There are very few things less common or more totally destructive inside a computer than an electrical arc followed by smoke. (Fortunately the disk cage was outside the box at the time, and the two drives were more than 5 cm (2 in) apart, so the damage was localized.) I can therefore report, with unusual certainty, that the oldest hard disk in my possession is now a large paperweight. (I'll have a memorial photo up tonight or tomorrow.)
Goodbye, "WinSwap." I hardly new ye.
Welcome to another year of the Blog.
Anne and I wound up at the Majestic Hotel right in the middle of our old neighborhood, and then we rang in the New Year at a (relatively) new bar on Clark Street, whose name escapes me. Lots of fun. Forgot the Champagne, though.
New Year's Resolution: 1024 x 768 (I'm using my laptop).
Complaints about the weather: None from me. It's 4°C (40°F) right now, which for a Chicago New Year's Day is delightfully warm. However, this guy that I saw on the way home from the El this morning would probably disagree:
Silliest news story of the day: Yesterday, a pack of chihuahuas attacked a cop in Fremont, Calif. The police officer received bite wounds to the ankle. No word on how far the chihuahuas got punted.

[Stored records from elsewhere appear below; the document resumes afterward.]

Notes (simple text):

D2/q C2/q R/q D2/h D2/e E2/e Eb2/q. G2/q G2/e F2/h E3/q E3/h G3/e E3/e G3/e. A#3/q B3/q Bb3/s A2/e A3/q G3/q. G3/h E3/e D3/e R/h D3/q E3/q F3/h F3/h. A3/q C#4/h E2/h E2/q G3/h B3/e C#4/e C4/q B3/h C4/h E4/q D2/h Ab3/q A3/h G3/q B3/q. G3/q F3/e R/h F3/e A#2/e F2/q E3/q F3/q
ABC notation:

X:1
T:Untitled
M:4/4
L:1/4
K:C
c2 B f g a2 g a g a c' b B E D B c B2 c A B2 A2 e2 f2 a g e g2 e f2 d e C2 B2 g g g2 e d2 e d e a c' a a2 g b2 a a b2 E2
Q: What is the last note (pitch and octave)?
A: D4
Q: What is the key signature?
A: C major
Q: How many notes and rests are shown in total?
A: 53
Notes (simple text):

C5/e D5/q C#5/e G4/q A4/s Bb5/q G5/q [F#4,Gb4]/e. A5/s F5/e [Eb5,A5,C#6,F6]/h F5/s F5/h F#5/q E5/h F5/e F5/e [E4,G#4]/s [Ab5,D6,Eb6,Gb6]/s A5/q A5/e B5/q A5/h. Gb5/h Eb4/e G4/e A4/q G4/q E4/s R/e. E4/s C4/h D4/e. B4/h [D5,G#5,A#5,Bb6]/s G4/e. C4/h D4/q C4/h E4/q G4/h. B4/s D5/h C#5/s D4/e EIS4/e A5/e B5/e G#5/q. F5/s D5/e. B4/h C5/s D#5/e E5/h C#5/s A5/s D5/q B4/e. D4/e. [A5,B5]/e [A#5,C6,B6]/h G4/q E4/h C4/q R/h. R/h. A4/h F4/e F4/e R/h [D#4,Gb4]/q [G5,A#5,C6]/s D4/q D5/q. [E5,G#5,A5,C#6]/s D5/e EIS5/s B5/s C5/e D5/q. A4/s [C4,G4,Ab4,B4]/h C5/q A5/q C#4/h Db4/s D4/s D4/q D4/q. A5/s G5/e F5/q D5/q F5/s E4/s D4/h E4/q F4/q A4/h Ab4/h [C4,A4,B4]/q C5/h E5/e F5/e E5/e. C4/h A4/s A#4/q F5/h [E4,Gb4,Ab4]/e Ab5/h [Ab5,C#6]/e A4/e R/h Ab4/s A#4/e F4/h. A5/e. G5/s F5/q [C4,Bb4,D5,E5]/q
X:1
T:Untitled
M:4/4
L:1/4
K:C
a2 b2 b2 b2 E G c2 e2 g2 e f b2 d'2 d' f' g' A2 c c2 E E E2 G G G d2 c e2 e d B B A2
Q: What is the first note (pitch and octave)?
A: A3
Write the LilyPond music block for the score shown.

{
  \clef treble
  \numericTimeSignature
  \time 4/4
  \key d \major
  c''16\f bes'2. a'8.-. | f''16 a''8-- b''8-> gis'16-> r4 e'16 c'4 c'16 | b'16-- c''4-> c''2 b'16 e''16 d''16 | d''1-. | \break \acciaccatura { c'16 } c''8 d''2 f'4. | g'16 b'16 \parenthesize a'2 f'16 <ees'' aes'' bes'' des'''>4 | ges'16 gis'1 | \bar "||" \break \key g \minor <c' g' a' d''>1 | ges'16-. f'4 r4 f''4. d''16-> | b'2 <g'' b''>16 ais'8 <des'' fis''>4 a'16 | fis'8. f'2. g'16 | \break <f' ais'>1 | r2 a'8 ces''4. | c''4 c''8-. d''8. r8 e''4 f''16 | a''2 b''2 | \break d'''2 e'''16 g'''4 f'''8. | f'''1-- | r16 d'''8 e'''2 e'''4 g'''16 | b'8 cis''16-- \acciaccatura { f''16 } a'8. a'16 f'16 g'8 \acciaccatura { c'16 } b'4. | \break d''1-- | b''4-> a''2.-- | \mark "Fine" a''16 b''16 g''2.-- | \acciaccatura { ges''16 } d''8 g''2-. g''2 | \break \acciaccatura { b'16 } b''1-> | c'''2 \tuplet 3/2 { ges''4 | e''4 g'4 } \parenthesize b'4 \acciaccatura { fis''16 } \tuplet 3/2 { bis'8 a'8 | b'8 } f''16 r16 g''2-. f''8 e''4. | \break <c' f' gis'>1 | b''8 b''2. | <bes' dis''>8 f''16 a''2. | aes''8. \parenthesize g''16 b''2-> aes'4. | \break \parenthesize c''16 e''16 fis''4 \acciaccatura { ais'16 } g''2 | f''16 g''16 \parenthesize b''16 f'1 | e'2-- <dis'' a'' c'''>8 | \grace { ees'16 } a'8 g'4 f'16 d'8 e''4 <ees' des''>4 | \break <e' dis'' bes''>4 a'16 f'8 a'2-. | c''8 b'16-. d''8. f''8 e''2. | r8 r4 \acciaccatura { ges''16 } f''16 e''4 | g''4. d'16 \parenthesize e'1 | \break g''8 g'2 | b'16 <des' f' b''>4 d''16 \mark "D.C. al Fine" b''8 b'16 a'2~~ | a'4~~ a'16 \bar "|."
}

Don't forget, the holidays aren't over yet. Tonight is the last night of Chanukkah. Sunset in Chicago tonight is at 4:31pm; you can use the Weather Now calculator to find your city's sunset time. Check back later for a photo of the world's ugliest menorah in full bloom.
Another good article from the Tribune: Barbara Botman writes about New Orleans at New Year's. I recommend it.
For my last post of the year, I'd like to announce that the Inner Drive Technology Comprehensive Testing Facility is now complete, except for the Lab Cam, which should arrive from Logitech in about two weeks. (The dead one is visible in the upper-left corner of the photo below.)
Inner Drive's World Headquarters is now ready to face whatever challenges we may in 2006. Happy new year, everyone!
I'm not the only one suffering techno-poltergeists this week. Anne just got this message from Google:
Lockdown in sector 4!
Our system indicates unusual usage of your account. In order to protect Gmail users from potentially harmful use of Gmail, this account has been disabled for up to 24 hours.
Googleing the email found that Google's own tools can trigger this lockout.
Did anyone notice the theme of all the technical issues we've had lately? An SBC router crashed, a Webcam fried, a voice-mail account deleted? They all have something in common, something my Wills professor would call "the Omnibus Explanation:" "The Omnibus Explanation, the thing that explains what logic and rational thought cannot, is stupidity."